𝗦𝗼𝗹𝗮𝗻𝗮 𝗧𝗼𝗸𝗲𝗻 𝗘𝘅𝘁𝗲𝗻𝘀𝗶𝗼𝗻𝘀 𝗘𝘅𝗽𝗹𝗮𝗶𝗻𝗲𝗱

Web2 requires middleware to charge transfer fees. Solana uses a simple flag.

I built four tokens in six days. I learned how Solana handles identity, fees, and restrictions. Here is what I found.

𝗧𝗵𝗲 𝗕𝗮𝘀𝗶𝗰 𝗠𝗶𝗻𝘁 A basic token is just an address. It has no name or symbol. You cannot receive tokens directly into a wallet. You need a specific token account for every different token type. Think of the mint as the factory. The token account is your bucket.

𝗜𝗱𝗲𝗻𝘁𝗶𝘁𝘆 𝘄𝗶𝘁𝗵 𝗠𝗲𝘁𝗮𝗱𝗮𝘁𝗮 A token without metadata is just a random string of text. The original Token Program requires separate accounts for metadata. The Token Extensions Program (Token-2022) changes this. It stores name, symbol, and URI directly on the mint. One mint handles everything. No extra accounts are needed.

𝗧𝗿𝗮𝗻𝘀𝗳𝗲𝗿 𝗙𝗲𝗲𝘀 Charging a fee in Web2 is hard. You must build logic to prevent people from bypassing it. On Solana, you use the transfer-fee-basis-points flag. I set a 2% fee on a token. When I sent 100 tokens, the recipient only got 98. The protocol withheld the 2 tokens automatically. The fee logic lives in the mint. Every transfer follows the rule. No extra code is required.
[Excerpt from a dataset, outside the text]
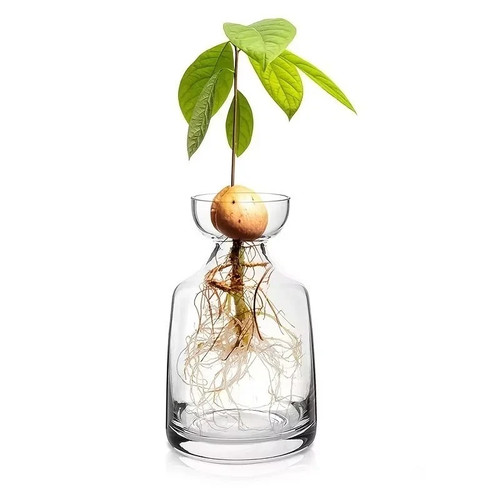 Vase pour noyau - , d'avocatier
𝗦𝗼𝘂𝗹𝗯𝗼𝘂𝗻𝗱 𝗧𝗼𝗸𝗲𝗻𝘀 Some tokens should not move. Use these for certificates or identity badges. The Token-2022 program has a non-transferable extension. I tried to send a non-transferable token to another wallet. The blockchain rejected it immediately. The protocol enforced the rule. No middleware or admin override could change it. The holder can burn the tokens, but they cannot send them to others.

𝗠𝘆 𝗧𝗮𝗸𝗲𝗮𝘄𝗮𝘆 The protocol enforces rules without needing to know your intent. It does not care why you send a transaction. It only checks if the transaction follows the mint rules.

I am moving from building tokens to building programs next.